=== Data for review ===
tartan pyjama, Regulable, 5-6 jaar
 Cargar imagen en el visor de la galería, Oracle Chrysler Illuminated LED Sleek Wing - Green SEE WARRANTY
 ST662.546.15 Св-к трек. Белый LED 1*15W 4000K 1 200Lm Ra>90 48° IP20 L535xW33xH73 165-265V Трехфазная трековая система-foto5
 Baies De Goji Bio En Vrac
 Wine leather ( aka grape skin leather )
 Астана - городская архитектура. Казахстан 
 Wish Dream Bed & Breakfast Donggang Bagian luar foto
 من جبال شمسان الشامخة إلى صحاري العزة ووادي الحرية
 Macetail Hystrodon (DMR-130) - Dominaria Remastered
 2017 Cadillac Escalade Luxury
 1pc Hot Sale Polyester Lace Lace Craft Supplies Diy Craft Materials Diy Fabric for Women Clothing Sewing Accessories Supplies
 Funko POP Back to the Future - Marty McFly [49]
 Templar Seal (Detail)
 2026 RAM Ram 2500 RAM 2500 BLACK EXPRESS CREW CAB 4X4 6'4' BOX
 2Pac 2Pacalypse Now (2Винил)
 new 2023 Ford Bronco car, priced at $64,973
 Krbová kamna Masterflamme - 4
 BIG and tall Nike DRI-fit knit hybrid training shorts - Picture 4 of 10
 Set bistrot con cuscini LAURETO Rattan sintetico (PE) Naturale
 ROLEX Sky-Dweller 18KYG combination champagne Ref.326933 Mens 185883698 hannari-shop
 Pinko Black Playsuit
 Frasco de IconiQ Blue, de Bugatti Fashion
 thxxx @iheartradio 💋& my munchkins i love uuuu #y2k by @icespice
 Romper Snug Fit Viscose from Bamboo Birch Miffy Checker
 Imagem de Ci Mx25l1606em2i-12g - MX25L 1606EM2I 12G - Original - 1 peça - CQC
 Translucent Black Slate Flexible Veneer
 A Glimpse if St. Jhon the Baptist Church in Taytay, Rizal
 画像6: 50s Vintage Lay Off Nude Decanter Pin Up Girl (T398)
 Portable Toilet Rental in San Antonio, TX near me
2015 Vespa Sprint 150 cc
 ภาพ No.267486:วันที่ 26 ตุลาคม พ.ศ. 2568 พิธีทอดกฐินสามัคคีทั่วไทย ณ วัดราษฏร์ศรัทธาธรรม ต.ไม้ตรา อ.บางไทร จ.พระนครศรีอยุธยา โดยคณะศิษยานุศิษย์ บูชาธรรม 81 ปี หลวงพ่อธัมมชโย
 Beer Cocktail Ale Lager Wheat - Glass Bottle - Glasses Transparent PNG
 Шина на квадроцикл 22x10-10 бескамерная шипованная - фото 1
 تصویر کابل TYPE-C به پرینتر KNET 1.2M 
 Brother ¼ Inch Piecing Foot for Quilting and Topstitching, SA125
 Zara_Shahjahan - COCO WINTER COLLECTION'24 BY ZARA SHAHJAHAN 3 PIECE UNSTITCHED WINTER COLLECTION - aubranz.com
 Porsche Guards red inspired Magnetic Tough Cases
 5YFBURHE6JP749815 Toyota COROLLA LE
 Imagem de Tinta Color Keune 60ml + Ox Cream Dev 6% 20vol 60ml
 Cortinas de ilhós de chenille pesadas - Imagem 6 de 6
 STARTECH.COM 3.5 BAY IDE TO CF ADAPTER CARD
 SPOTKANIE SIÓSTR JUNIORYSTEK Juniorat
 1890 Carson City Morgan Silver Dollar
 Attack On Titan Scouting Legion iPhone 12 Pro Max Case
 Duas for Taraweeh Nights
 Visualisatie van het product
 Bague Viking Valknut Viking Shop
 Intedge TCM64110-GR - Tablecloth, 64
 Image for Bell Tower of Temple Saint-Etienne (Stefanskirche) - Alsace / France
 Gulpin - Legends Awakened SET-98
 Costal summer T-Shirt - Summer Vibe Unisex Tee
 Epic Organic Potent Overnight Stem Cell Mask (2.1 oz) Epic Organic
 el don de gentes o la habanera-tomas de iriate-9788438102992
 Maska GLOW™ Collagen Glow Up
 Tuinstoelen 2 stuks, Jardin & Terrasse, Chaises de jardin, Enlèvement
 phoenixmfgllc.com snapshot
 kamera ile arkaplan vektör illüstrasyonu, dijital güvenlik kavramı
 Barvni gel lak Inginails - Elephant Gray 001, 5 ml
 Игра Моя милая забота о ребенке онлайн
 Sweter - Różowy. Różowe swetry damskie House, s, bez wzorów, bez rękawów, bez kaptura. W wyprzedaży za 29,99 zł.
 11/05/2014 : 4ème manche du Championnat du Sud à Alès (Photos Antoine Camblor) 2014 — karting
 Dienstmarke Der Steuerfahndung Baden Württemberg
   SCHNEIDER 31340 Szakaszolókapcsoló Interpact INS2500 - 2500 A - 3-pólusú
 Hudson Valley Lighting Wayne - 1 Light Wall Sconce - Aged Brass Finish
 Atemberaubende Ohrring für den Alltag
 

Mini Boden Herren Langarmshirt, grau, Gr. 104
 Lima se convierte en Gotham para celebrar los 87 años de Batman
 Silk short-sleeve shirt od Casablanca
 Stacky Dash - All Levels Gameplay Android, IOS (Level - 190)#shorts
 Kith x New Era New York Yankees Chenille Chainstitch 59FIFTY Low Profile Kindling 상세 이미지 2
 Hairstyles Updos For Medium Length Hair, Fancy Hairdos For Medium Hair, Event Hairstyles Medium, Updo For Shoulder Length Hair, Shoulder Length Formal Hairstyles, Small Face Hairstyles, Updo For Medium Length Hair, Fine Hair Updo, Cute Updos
===
= Task =
The required result is an identical copy of the records above.

= Your solution =
tartan pyjama, Regulable, 5-6 jaar
 Cargar imagen en el visor de la galería, Oracle Chrysler Illuminated LED Sleek Wing - Green SEE WARRANTY
 ST662.546.15 Св-к трек. Белый LED 1*15W 4000K 1 200Lm Ra>90 48° IP20 L535xW33xH73 165-265V Трехфазная трековая система-foto5
 Baies De Goji Bio En Vrac
 Wine leather ( aka grape skin leather )
 Астана - городская архитектура. Казахстан 
 Wish Dream Bed & Breakfast Donggang Bagian luar foto
 من جبال شمسان الشامخة إلى صحاري العزة ووادي الحرية
 Macetail Hystrodon (DMR-130) - Dominaria Remastered
 2017 Cadillac Escalade Luxury
 1pc Hot Sale Polyester Lace Lace Craft Supplies Diy Craft Materials Diy Fabric for Women Clothing Sewing Accessories Supplies
 Funko POP Back to the Future - Marty McFly [49]
 Templar Seal (Detail)
 2026 RAM Ram 2500 RAM 2500 BLACK EXPRESS CREW CAB 4X4 6'4' BOX
 2Pac 2Pacalypse Now (2Винил)
 new 2023 Ford Bronco car, priced at $64,973
 Krbová kamna Masterflamme - 4
 BIG and tall Nike DRI-fit knit hybrid training shorts - Picture 4 of 10
 Set bistrot con cuscini LAURETO Rattan sintetico (PE) Naturale
 ROLEX Sky-Dweller 18KYG combination champagne Ref.326933 Mens 185883698 hannari-shop
 Pinko Black Playsuit
 Frasco de IconiQ Blue, de Bugatti Fashion
 thxxx @iheartradio 💋& my munchkins i love uuuu #y2k by @icespice
 Romper Snug Fit Viscose from Bamboo Birch Miffy Checker
 Imagem de Ci Mx25l1606em2i-12g - MX25L 1606EM2I 12G - Original - 1 peça - CQC
 Translucent Black Slate Flexible Veneer
 A Glimpse if St. Jhon the Baptist Church in Taytay, Rizal
 画像6: 50s Vintage Lay Off Nude Decanter Pin Up Girl (T398)
 Portable Toilet Rental in San Antonio, TX near me
2015 Vespa Sprint 150 cc
 ภาพ No.267486:วันที่ 26 ตุลาคม พ.ศ. 2568 พิธีทอดกฐินสามัคคีทั่วไทย ณ วัดราษฏร์ศรัทธาธรรม ต.ไม้ตรา อ.บางไทร จ.พระนครศรีอยุธยา โดยคณะศิษยานุศิษย์ บูชาธรรม 81 ปี หลวงพ่อธัมมชโย
 Beer Cocktail Ale Lager Wheat - Glass Bottle - Glasses Transparent PNG
 Шина на квадроцикл 22x10-10 бескамерная шипованная - фото 1
 تصویر کابل TYPE-C به پرینتر KNET 1.2M 
 Brother ¼ Inch Piecing Foot for Quilting and Topstitching, SA125
 Zara_Shahjahan - COCO WINTER COLLECTION'24 BY ZARA SHAHJAHAN 3 PIECE UNSTITCHED WINTER COLLECTION - aubranz.com
 Porsche Guards red inspired Magnetic Tough Cases
 5YFBURHE6JP749815 Toyota COROLLA LE
 Imagem de Tinta Color Keune 60ml + Ox Cream Dev 6% 20vol 60ml
 Cortinas de ilhós de chenille pesadas - Imagem 6 de 6
 STARTECH.COM 3.5 BAY IDE TO CF ADAPTER CARD
 SPOTKANIE SIÓSTR JUNIORYSTEK Juniorat
 1890 Carson City Morgan Silver Dollar
 Attack On Titan Scouting Legion iPhone 12 Pro Max Case
 Duas for Taraweeh Nights
 Visualisatie van het product
 Bague Viking Valknut Viking Shop
 Intedge TCM64110-GR - Tablecloth, 64
 Image for Bell Tower of Temple Saint-Etienne (Stefanskirche) - Alsace / France
 Gulpin - Legends Awakened SET-98
 Costal summer T-Shirt - Summer Vibe Unisex Tee
 Epic Organic Potent Overnight Stem Cell Mask (2.1 oz) Epic Organic
 el don de gentes o la habanera-tomas de iriate-9788438102992
 Maska GLOW™ Collagen Glow Up
 Tuinstoelen 2 stuks, Jardin & Terrasse, Chaises de jardin, Enlèvement
 phoenixmfgllc.com snapshot
 kamera ile arkaplan vektör illüstrasyonu, dijital güvenlik kavramı
 Barvni gel lak Inginails - Elephant Gray 001, 5 ml
 Игра Моя милая забота о ребенке онлайн
 Sweter - Różowy. Różowe swetry damskie House, s, bez wzorów, bez rękawów, bez kaptura. W wyprzedaży za 29,99 zł.
 11/05/2014 : 4ème manche du Championnat du Sud à Alès (Photos Antoine Camblor) 2014 — karting
 Dienstmarke Der Steuerfahndung Baden Württemberg
   SCHNEIDER 31340 Szakaszolókapcsoló Interpact INS2500 - 2500 A - 3-pólusú
 Hudson Valley Lighting Wayne - 1 Light Wall Sconce - Aged Brass Finish
 Atemberaubende Ohrring für den Alltag
 

Mini Boden Herren Langarmshirt, grau, Gr. 104
 Lima se convierte en Gotham para celebrar los 87 años de Batman
 Silk short-sleeve shirt od Casablanca
 Stacky Dash - All Levels Gameplay Android, IOS (Level - 190)#shorts
 Kith x New Era New York Yankees Chenille Chainstitch 59FIFTY Low Profile Kindling 상세 이미지 2
 Hairstyles Updos For Medium Length Hair, Fancy Hairdos For Medium Hair, Event Hairstyles Medium, Updo For Shoulder Length Hair, Shoulder Length Formal Hairstyles, Small Face Hairstyles, Updo For Medium Length Hair, Fine Hair Updo, Cute Updos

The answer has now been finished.